Il n’est pas surprenant de constater que la première « ressortie officielle » du cinéma en relief correspond à la sortie en 2004 du film d’animation The Polar Express (Le pôle express / Boréal Express) de Zemeckis. En plus de renouveler l’intérêt du public pour la stéréoscopie, le célèbre réalisateur, connu pour ses longs métrages aux effets spéciaux de grande envergure, en profite pour lancer au même moment la technique de la performance capture. Grâce à cette technologie révolutionnaire, il est maintenant possible de saisir les expressions des acteurs en plus de capter leurs mouvements, et de les transposer dans un univers virtuel que le réalisateur peut modeler à sa guise après le tournage. Souvent associées à la 3D, aux films de genres et aux films d’animation en images de synthèse tels que The Adventures of Tintin (Les aventures de Tintin — Le secret de La Licorne, Steven Spielberg, 2011) ou à des films hybrides, comme Avatar, les techniques de capture de mouvements (motion capture) et de capture d’interprétation [5] (performance capture) contribuent à la pérennité de la stéréoscopie. Sur les dix films les plus rentables de l’histoire [6], huit ont été tournés avec des techniques de saisie de mouvement et diffusés en trois dimensions [7]. Envisager l’association de technologies garantissant une immersion quasi totale contribuerait donc à garantir le succès des films en relief. L’apparition de techniques sonores ambiophoniques telles que le Dolby Atmos — sans doute un diminutif pour atmospheric — vient ainsi à la rescousse de la stéréoscopie, une fois de plus menacée malgré les nombreux succès passés.

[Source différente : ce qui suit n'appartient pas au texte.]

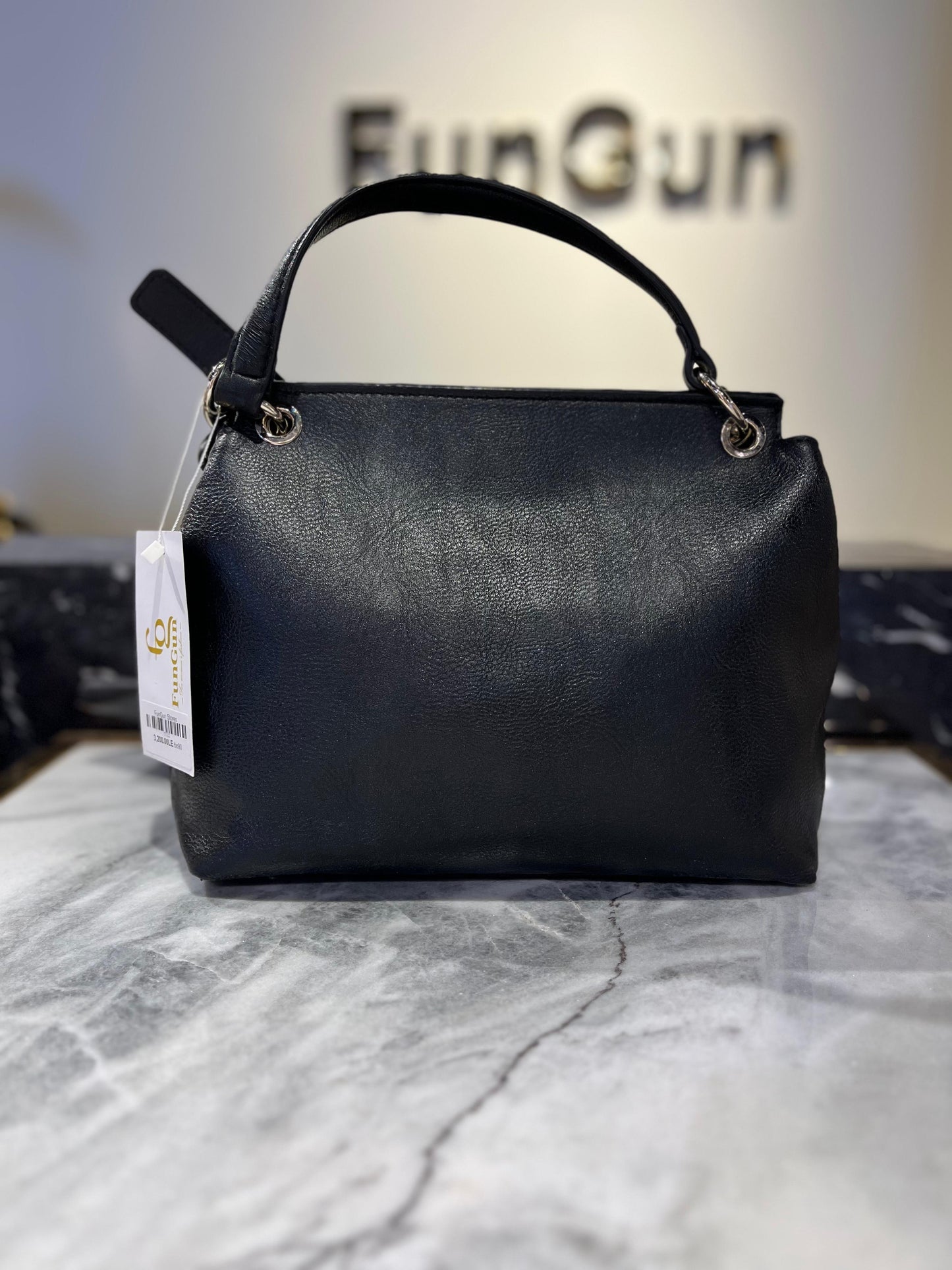 GUESS Black Logo Shoulder Bag with Detachable Pouch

La sortie en 2013 du film Gravity (Gravité, Alfonso Cuarón), perçu comme un amalgame d’effets audiovisuels projeté sur IMAX avec un son Dolby Atmos, change complètement la donne en plongeant le spectateur au coeur d’un univers « englobant » — pour reprendre ici l’expression très juste des auteurs — où sont évités autant que possible les effets de surgissement et de jaillissement, qui peuvent parfois s’éloigner d’un certain réalisme, et où seul le sentiment de profondeur est mis de l’avant pour offrir une expérience immersive optimale. Le film est un triomphe instantané en salle et redonne un souffle de vie au cinéma en relief.

Plusieurs autres oeuvres en marge des films « commerciaux » se frayent un chemin vers une voie plus expérimentale. Un chapitre tout entier est d’ailleurs consacré à ces expérimentations, à ces films d’art et d’essai qui tentent de repousser les limites du cinéma en relief. Ces « ovnis » cinématographiques, pour la plupart diffusés dans des festivals, sont mis en scène par des cinéastes aussi notables que Peter Greenaway, Jean-Luc Godard et Wim Wenders. Ces derniers ont pris un virage stéréoscopique, afin de partir en quête d’un nouveau mode d’expression filmique, différent de celui qu’emploie le cinéma narratif traditionnel. Le célèbre mot de Jean-Luc Godard, cité dans la biographie que lui a consacrée Antoine de Baecque (2010, p. 112) — « le fond d’un film, c’est sa forme » — prend tout son sens avec ses deux derniers films tournés en 3D, soit le court métrage Les trois désastres — qui fait partie du triptyque 3x3D (2014) pour lequel Peter Greenaway et Edgar Pêra ont également réalisé chacun un court métrage — et le long métrage intitulé Adieu au langage (2014). Les auteurs font de ces deux films de Godard une analyse intéressante où sont explorés en détail les méandres stéréoscopiques de la mise en scène. Ironiquement, c’est pour Adieu au langage que le cinéaste a remporté sa première récompense cannoise en carrière, le prestigieux Prix du jury, partagé avec Xavier Dolan, qui s’amuse lui aussi, dans Mommy (2014), à briser les barrières des formats de projection d’images cinématographiques. Le documentaire 3D de Wim Wenders sur la chorégraphe Pina Bausch, Pina (2011), qualifié par Charlotte Higgins (2011), dans The Guardian, de premier « 3D arthouse film », s’est fait quant à lui remarquer pour son usage unique de la stéréoscopie ; le film a été présenté dans de nombreux festivals à travers le monde, en plus d’être mis en nomination pour l’Oscar du meilleur film documentaire. On découvre ainsi que lorsque les règles du cinéma en relief sont mises à mal, voire carrément abolies par des artistes audacieux, la 3D est bien loin de disparaître.